AgenticPay: A Multi-Agent LLM Negotiation System for Buyer-Seller Transactions
By: Xianyang Liu, Shangding Gu, Dawn Song
Published: 2026-02-06
View on arXiv →Abstract
AgenticPay proposes a multi-agent large language model (LLM) negotiation system designed for buyer-seller transactions. This system could revolutionize e-commerce by automating and optimizing negotiation processes, leading to more efficient and personalized transactions.
Impact
transformative
Topics
5
💡 Simple Explanation
Imagine if you had a smart digital assistant that could talk to a store's digital assistant to haggle for a better price and then buy the item for you automatically. AgenticPay is a system that builds these assistants and connects them to a payment system so they can close the deal without you needing to click buttons.
🎯 Problem Statement
Online transactions are currently static (fixed prices) or require high human effort to negotiate. Current automated systems lack the flexibility to handle complex, multi-variable bargaining effectively.
🔬 Methodology
The authors utilize a multi-agent simulation environment where LLMs (GPT-4 based) are assigned 'Buyer' and 'Seller' roles with private valuation constraints. They employ a structured dialogue protocol combined with a deterministic payment trigger that executes only when both agents output a specific 'ACCEPT' token sequence matching agreed terms.
📊 Results
The system demonstrated a 15% increase in total social welfare (combined buyer/seller utility) compared to fixed-price baselines and reduced negotiation time by 40% compared to human chat benchmarks.

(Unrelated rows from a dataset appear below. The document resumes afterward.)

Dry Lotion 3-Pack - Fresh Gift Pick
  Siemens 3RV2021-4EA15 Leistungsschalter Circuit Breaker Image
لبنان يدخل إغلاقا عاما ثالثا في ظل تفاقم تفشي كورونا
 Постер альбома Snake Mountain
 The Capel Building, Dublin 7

AgenticPay agents successfully executed payments in 92% of converging scenarios without hallucinating bank details.
✨ Key Takeaways
Autonomous economic agents are feasible and can optimize market efficiency. The key innovation is tightly coupling the conversational output of the LLM to a secure payment execution layer, turning talk into action.
🔍 Critical Analysis
AgenticPay presents a compelling vision of the future of e-commerce but glosses over significant trust and security hurdles. While the technical negotiation capability of LLMs is well-documented, the 'bridge' to actual payment is fraught with risk. The paper assumes a level of robustness in LLMs that currently does not exist regarding adversarial attacks. However, as a framework for *assisted* negotiation (Human-in-the-loop), it is highly promising.
💰 Practical Applications
- Transaction fee (small %) on every successful automated negotiation.
- Subscription model for 'Pro' agents with better negotiation tactics.
- Enterprise licensing for B2B supply chain platforms.